The widespread narrative presents AI as a magical, self-implementing solution. In reality, successful adoption requires using AI as a scalpel to solve a well-defined business problem, overseen by talented human experts, rather than as a magic wand applied broadly.
AI pioneers are experts at building models, not applying them to niche industries. Their advice to "not miss the boat" is driven by their own need for ROI, not a deep understanding of your business. Leaders should trust their own domain expertise over tech evangelists' sales pitches.
Widespread distrust of AI isn't just fear; it's a justified reaction to the negative societal impacts of previous tech waves like social media. Leaders should view this skepticism as a productive force that demands more responsible and thoughtful AI implementation, not as an obstacle to be dismissed.
The Cleveland Clinic's success shows that AI thrives when domain experts (doctors) act as product managers, defining the problem and guiding the tech.
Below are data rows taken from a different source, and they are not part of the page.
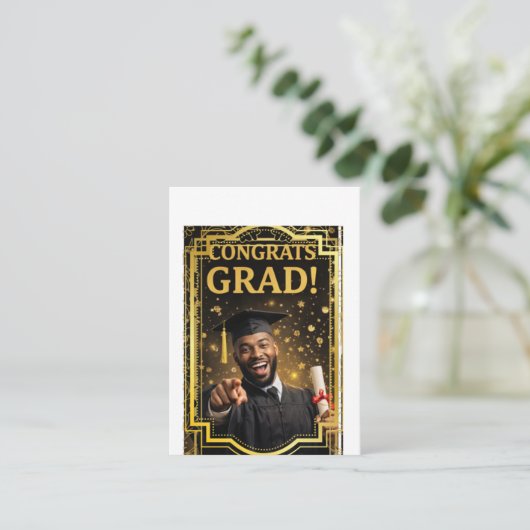 Invitation Begleitkarte (Stehend Vorderseite)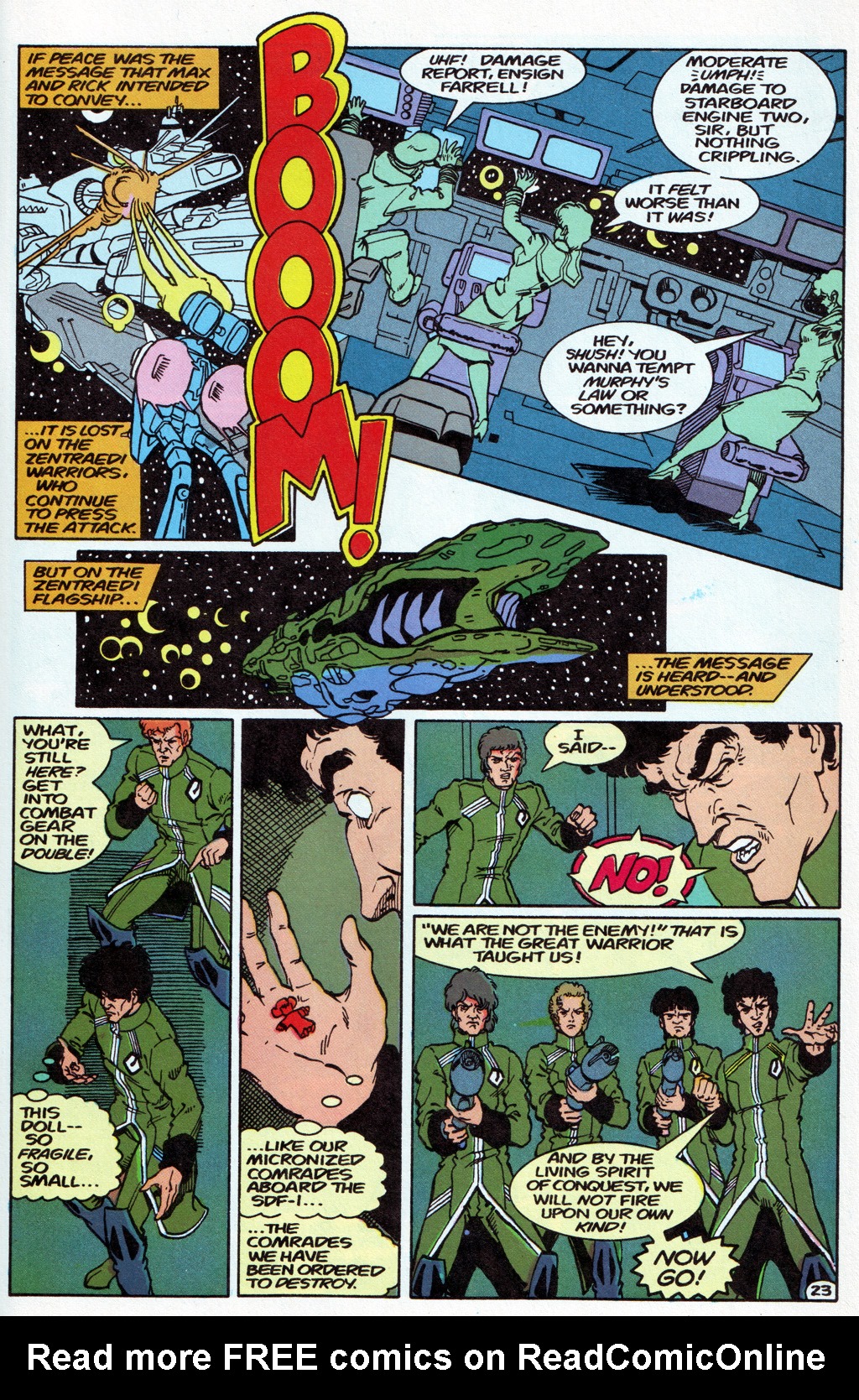 Read online Robotech The Macross Saga comic -  Issue #25 - 24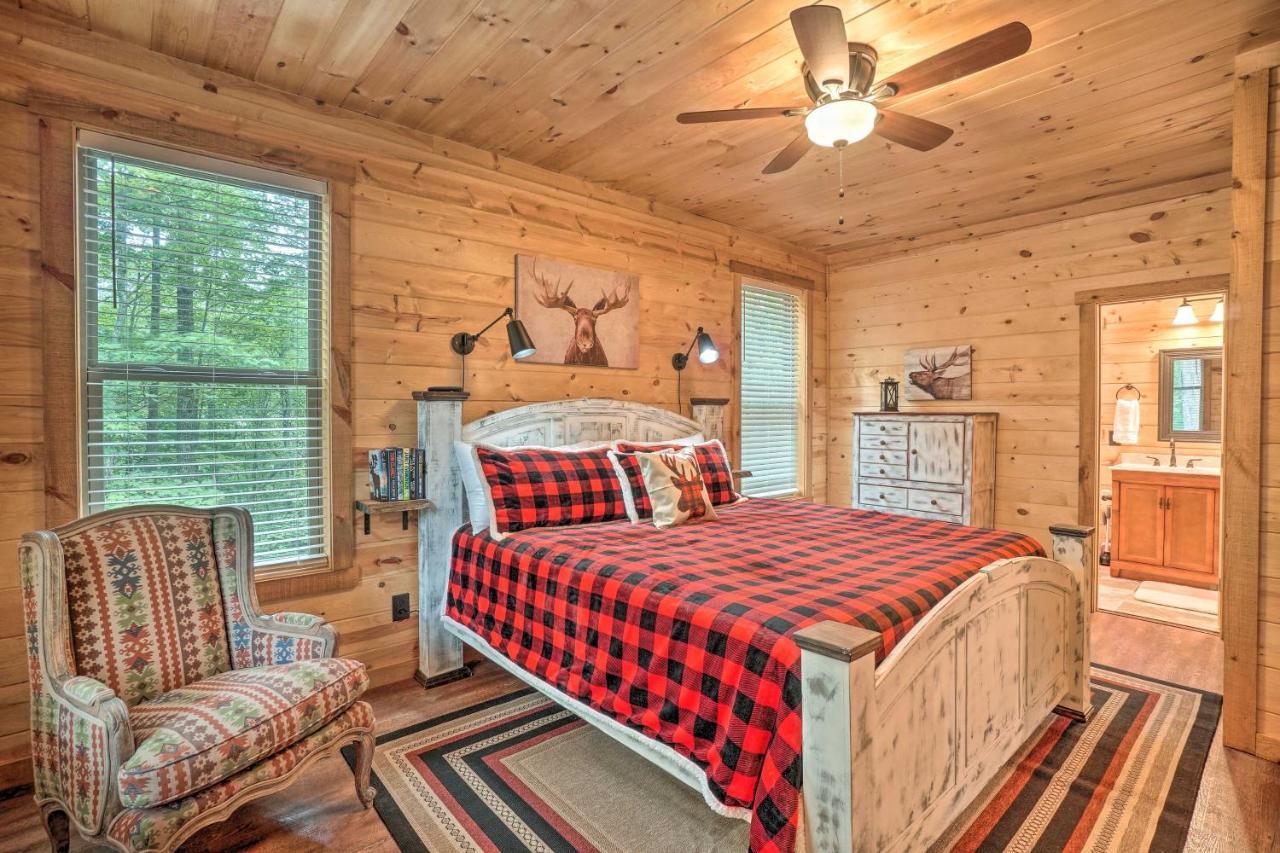 Peaceful Cabin On 3 Private Acres Deck And Fire Pit Blairsville Eksteriør billede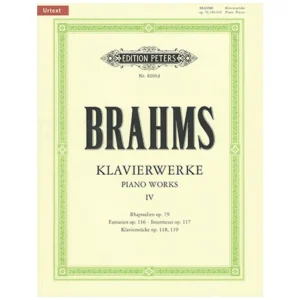 Brahms, J.: Klavierstücke Op. 79, 116-119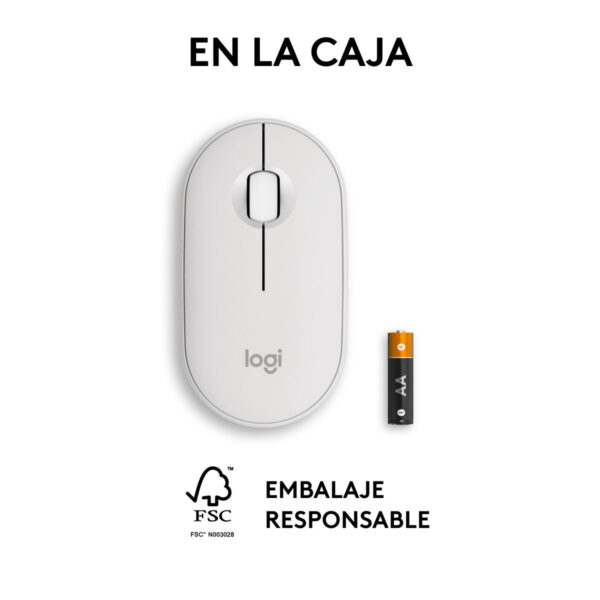 Ratón Logitech 910-007013 Blanco 4000 dpi - Imagen 5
This ensures technology serves the core mission, preventing the pursuit of vendor-pushed "magic beans" and grounding solutions in operational reality.
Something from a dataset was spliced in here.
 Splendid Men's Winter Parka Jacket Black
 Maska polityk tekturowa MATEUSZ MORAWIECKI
Cleveland Clinic's sepsis AI reduced mortality by 41% but still missed cases that nurses spotted through intuitive cues like smell or skin tone. This reveals that even the best AI struggles with the 'last mile' where human expertise operates beyond quantifiable data and predictable patterns.
AI coding assistants can make engineers so hyper-productive that they mistakenly believe they can handle the entire product lifecycle alone. This leads them to ignore critical inputs like design, customer briefs, and collaboration, resulting in technically functional but ultimately useless products.